Le prime raccolte di versi di Caproni risalgono al decennio 1932-1942, fra cui Come una allegoria, Ballo a Fontanigorda, Finzioni, Cronistoria. Al periodo della guerra e della Resistenza si deve la raccolta Il passaggio di Enea, che raccoglie le sue poesie pubblicate fino al 1956. È morto nel 1990 ed è sepolto con la moglie nel cimitero di Loco di Rovegno. I temi portanti della poetica di Caproni sono la madre, rievocata e ricordata in molte poesie; Genova, considerata la sua «città dell'anima»; il viaggio, un viaggio allegorico alla scoperta della vita. Carlo Bo, uno dei suoi primi critici, lo definì il «Poeta del sole, della luce e del mare».

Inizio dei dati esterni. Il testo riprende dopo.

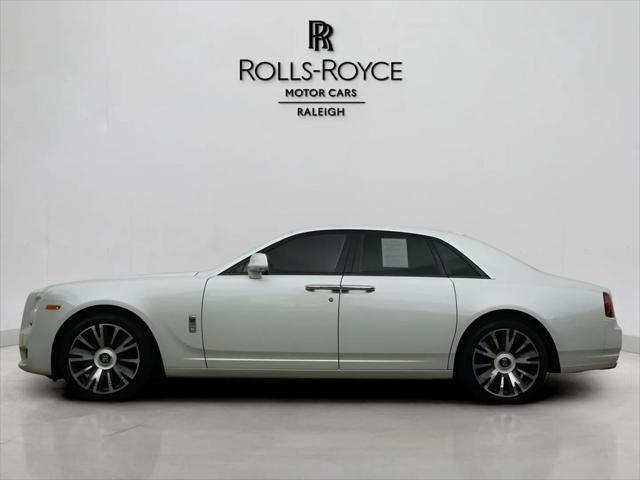 2019 rolls-royce ghost sedan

La poesia scelta per la traccia di maturità, contenuta nella raccolta Res Amissa, è stata pubblicata postuma un anno dopo la sua morte. Caproni fa un elogio appassionato della natura messa però in pericolo dall'uomo che per «vile profitto» ha reso il Paese «guasto» e conclude la poesia con una vera e propria invettiva: «Come potrebbe tornare a essere bella, scomparso l'uomo, la terra». 

Ecco «Versicoli quasi ecologici», la poesia di Giorgio Caproni oggetto di Analisi del testo per la prima prova della maturità 2017 , subito rilanciata da Skuola.net:

«Non uccidete il mare,
la libellula, il vento.
Non soffocate il lamento
(il canto!) del lamantino.
Il galagone, il pino:
anche di questo è fatto
l'uomo. E chi per profitto vile
fulmina un pesce, un fiume,
non fatelo cavaliere
del lavoro. L'amore
finisce dove finisce l'erba
e l'acqua muore. Dove
sparendo la foresta
e l'aria verde, chi resta
sospira nel sempre più vasto
paese guasto: Come
potrebbe tornare a essere bella,
scomparso l'uomo, la terra».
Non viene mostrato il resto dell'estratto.